Rising PSA after Treatment for Localized Prostate Cancer

Routine monitoring of men with PSA's after any treatment option for localized prostate cancer is important as no one treatment can guarantee complete obliteration of the cancer. A man who has a PSA that slowly continues to rise from a base line of 0.1/0.2 should undergo a prostate biopsy early in order to diagnose residual or recurrent prostate cancer so that it may be treated. Fortunately,HIFU can be repeated should the prostate cancer recur or HIFU can be performed should the cancer recur after surgery,radiation or cryoablation.

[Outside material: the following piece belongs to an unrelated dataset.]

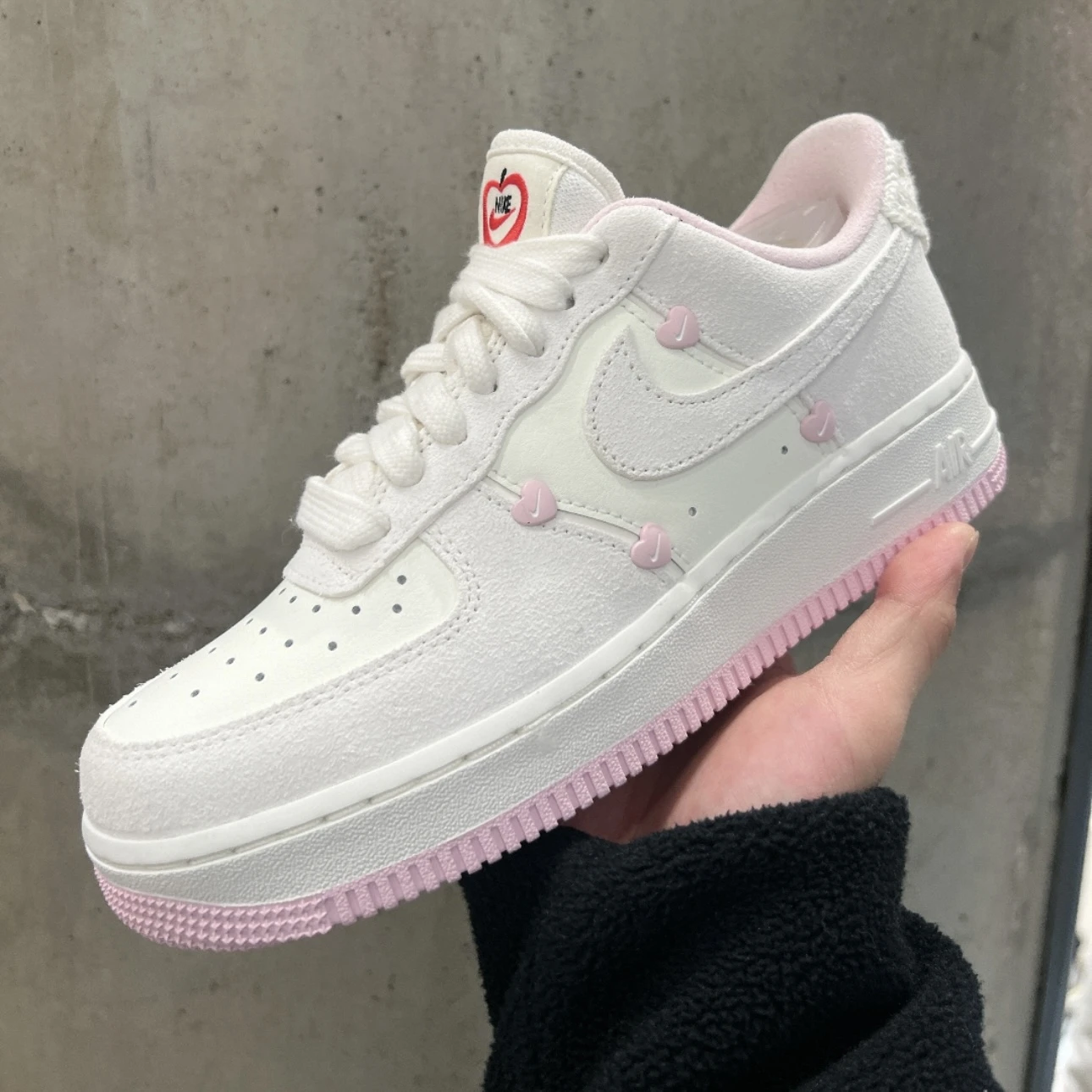 Nike Air Force 1 Low "Valentine’s Day" 情人節(HV5992-111)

Biochemical Free Survival (BFS)
BFS usually parallels the criteria for cure.
The PSA nadir is the lowest level PSA that is achieved after any treatment for prostate cancer. Ideally that should be 0.2ng/ml or lower and is a good indicator of cure.
There are several definitions of biochemical failure:
i). ASTRO (American Society of Radiation Oncologists) which defines failure as 3 consecutive rises in PSA above the post treatment PSA nadir.
ii). Phoenix,nadir+2.0ng/ml PSA rise.
iii). Stuttgart,nadir+1.2ng/ml PSA rise and specifically designed to evaluate HIFU.
Concerns for treatment failure may then be evaluated with a prostate biopsy to determine whether there is residual cancer.